My assignment amid the windwept rain- and sleet-lashed towers of Canary Wharf completed on Friday and I retured to our little Penton Corner home to recover from the heavy cold which plagued my final week. As the heating still doesn't work for reasons too tedious to outline here, this continues to involve a number of creative measures to keep individual rooms warm, as well as dressing like a polar bear.
Tuesday, however, I am off to Dubai, where it is a sunny 25 degrees - it's a communications systems design assignment for a new facility out there.
Roy Simpson wrote to me that he had discovered a "Simpsons Paradox" - no relation to himself, unfortunately. It reminded me of when I was working for Cable & Wireless in the states. I got selected to go to a meeting of an organisation called Vanguard, which allowed telecoms execs to meet with Internet luminaries and marvel at their intellects, while paying them substantial sums of money.

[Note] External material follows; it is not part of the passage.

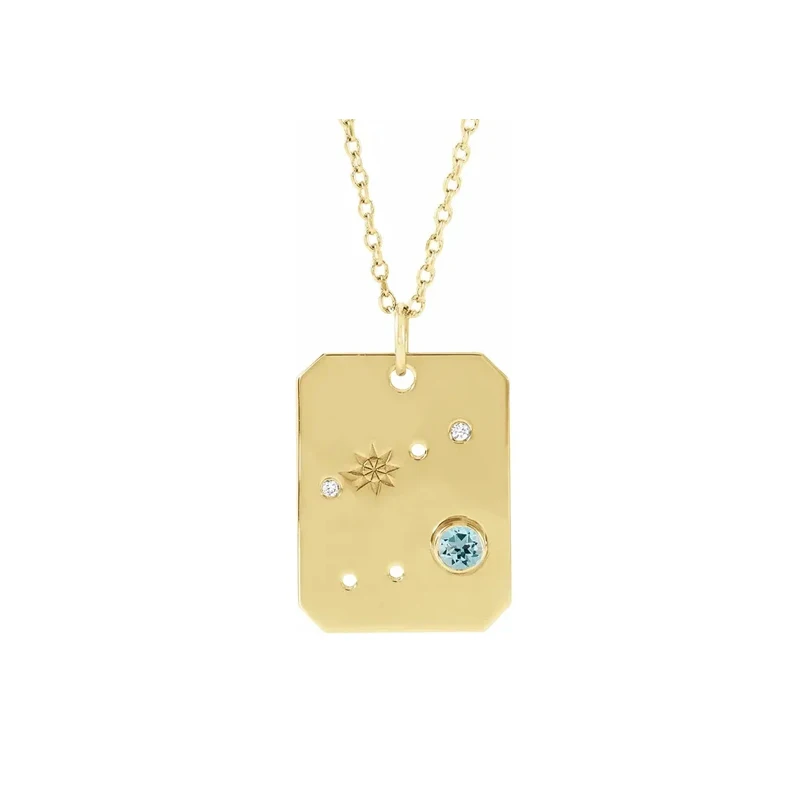 Dainty Diamond Cancer Zodiac Pendant 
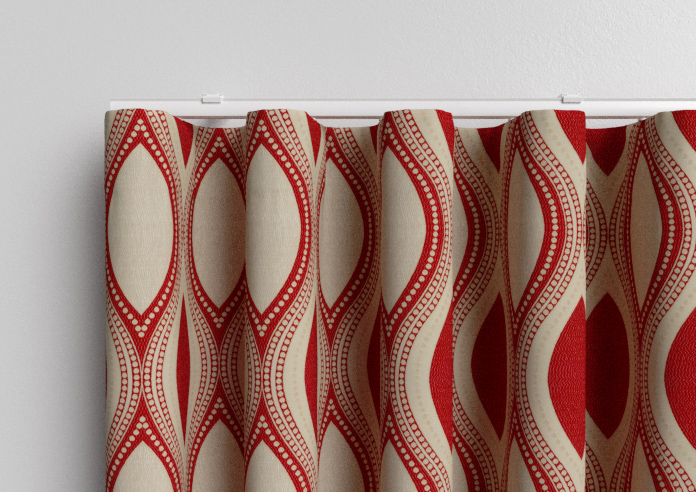 Kasian, Red - Made to Measure Curtains - Image 13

In the course of one such debate, Bob Metcalfe, the inventor of Ethernet and a towering ego, got into an argument with Andrew Odlyzko, a mild-manned and very smart mathematician (one of his key articles here). Metcalfe was never going to lose this argument, irrespective of the facts of the matter, and closed by stating: "I've had a law named after me - what about you?"
Aparently when the allegedly-almost-autistic Paul Dirac met the young Richard Feynman for the first time, there was a painful silence until the great physicist said exactly the same thing: "I've had a law named after me - have you?"
I didn't hear what Feynman would have replied. Maybe "not yet"!